The task: Only the lines from the one containing "DOLLHOUSE ANTIQUE Equipped-PORCELAIN" through the end of the entries should be returned, exactly as they are, with the pictures omitted.
===
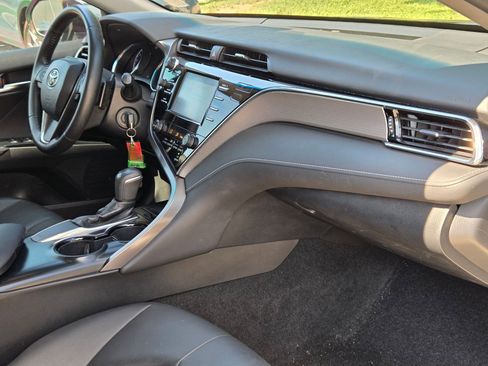 Used 2018 Toyota Camry SE w/ Moonroof Package FWD image 29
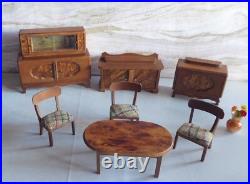 DOLLHOUSE ANTIQUE Equipped-PORCELAIN DOLL-FURNITURE-ACCESSORIES 1920/1930s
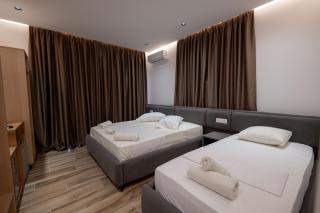 Rest Hour Hotel - 0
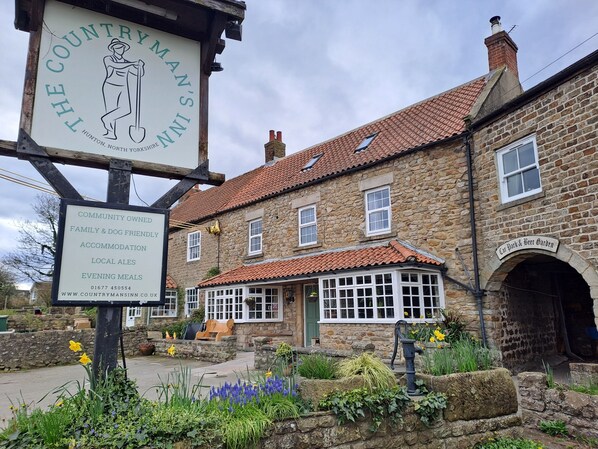 Front of property - The Countryman's Inn (Bedale)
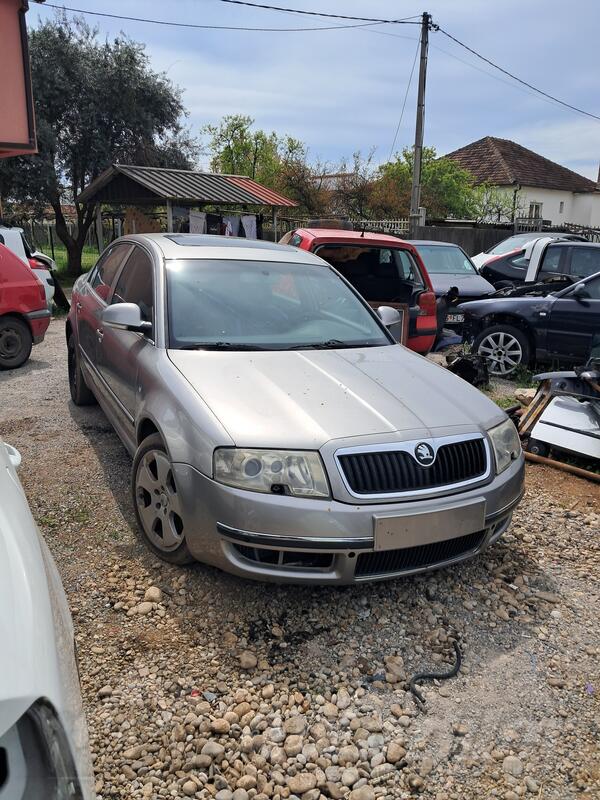 U djelovima Škoda - Superb 2.5 TDI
===
Task response:
 DOLLHOUSE ANTIQUE Equipped-PORCELAIN DOLL-FURNITURE-ACCESSORIES 1920/1930s
 Rest Hour Hotel - 0
 Front of property - The Countryman's Inn (Bedale)
 U djelovima Škoda - Superb 2.5 TDI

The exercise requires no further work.